Problem to work on
An exact reprint of the listing is required, with no pictures included.

Dataset section
↓↓↓

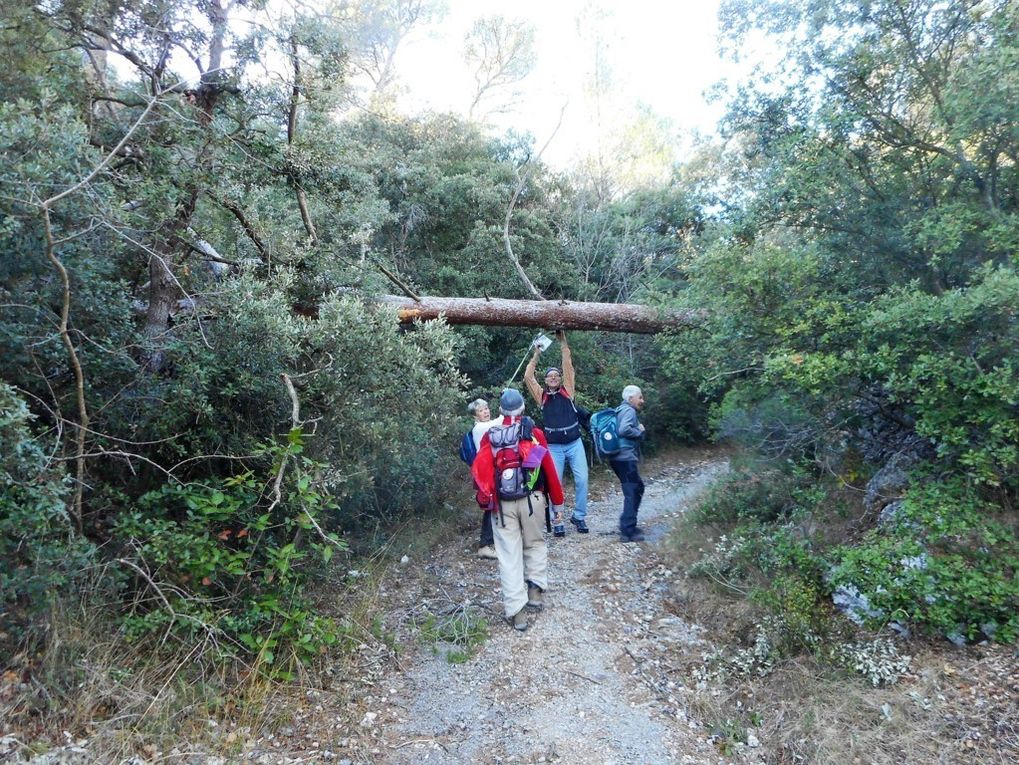 Rando Le Mont du Marseillais 20 Nov.2017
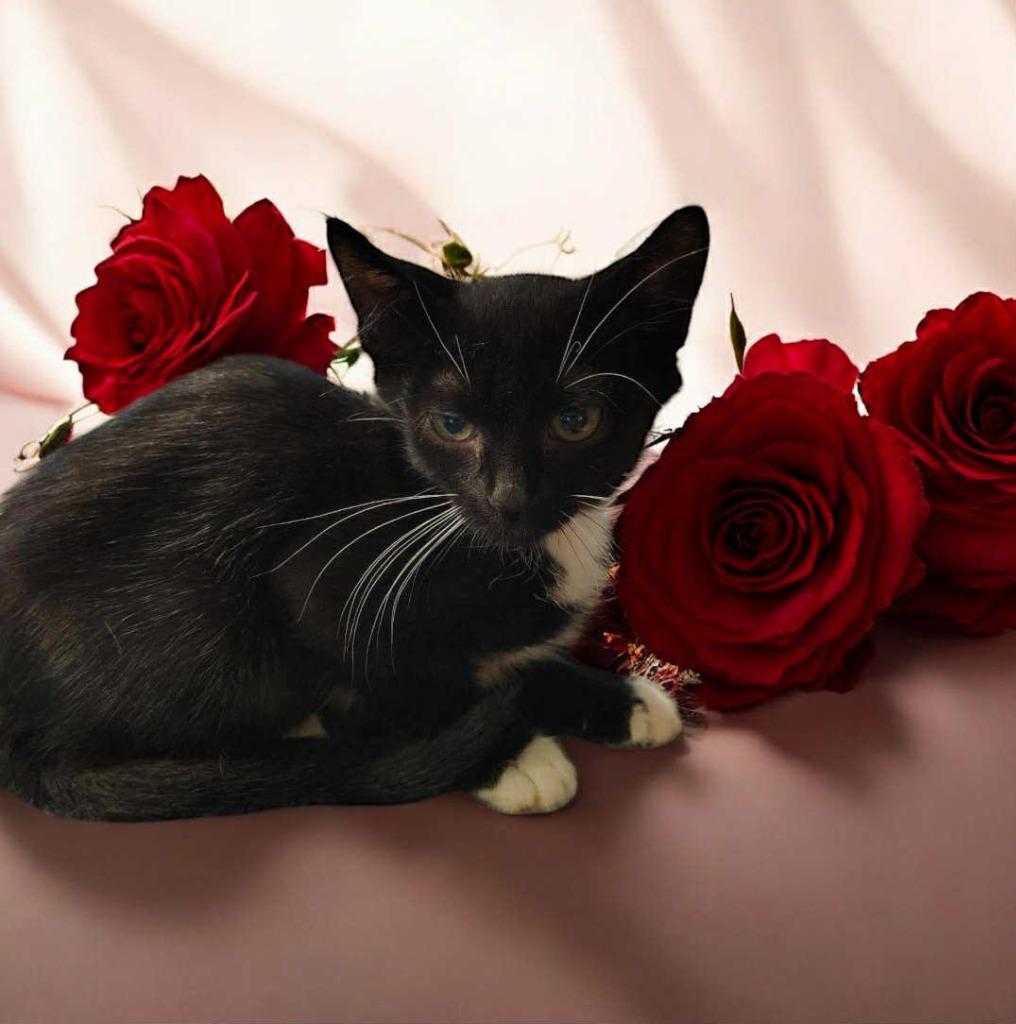 River, a Adoptable mixed breed in Richland Hills, TX image 2/2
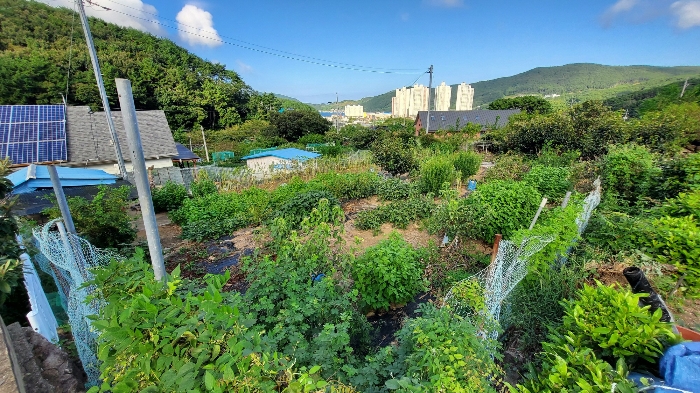 경상남도 거제시 일운면 지세포리 1240 전 경매 사진 5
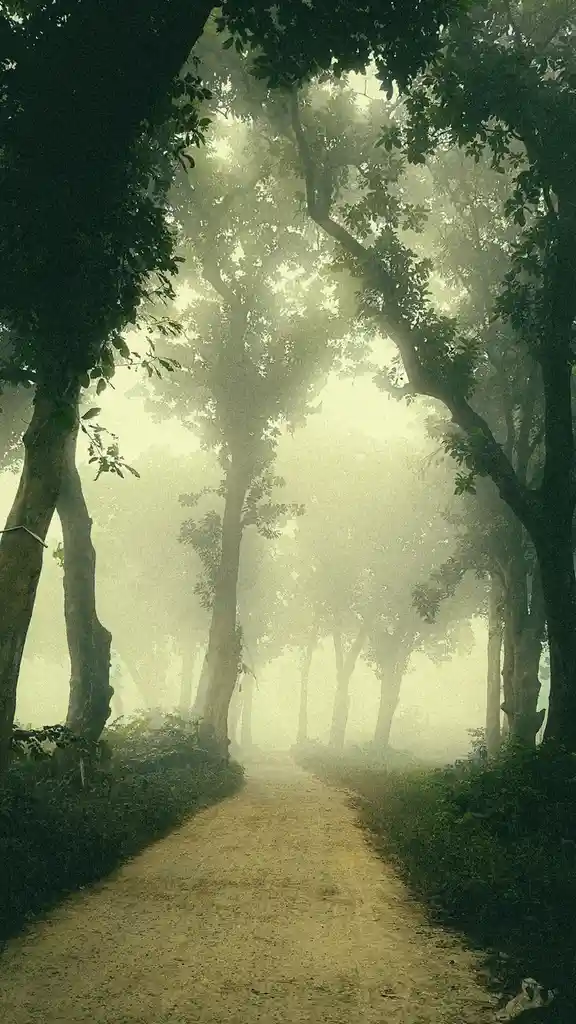 Lost in the Fog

↑↑↑

Solved exercise
 Rando Le Mont du Marseillais 20 Nov.2017
 River, a Adoptable mixed breed in Richland Hills, TX image 2/2
 경상남도 거제시 일운면 지세포리 1240 전 경매 사진 5
 Lost in the Fog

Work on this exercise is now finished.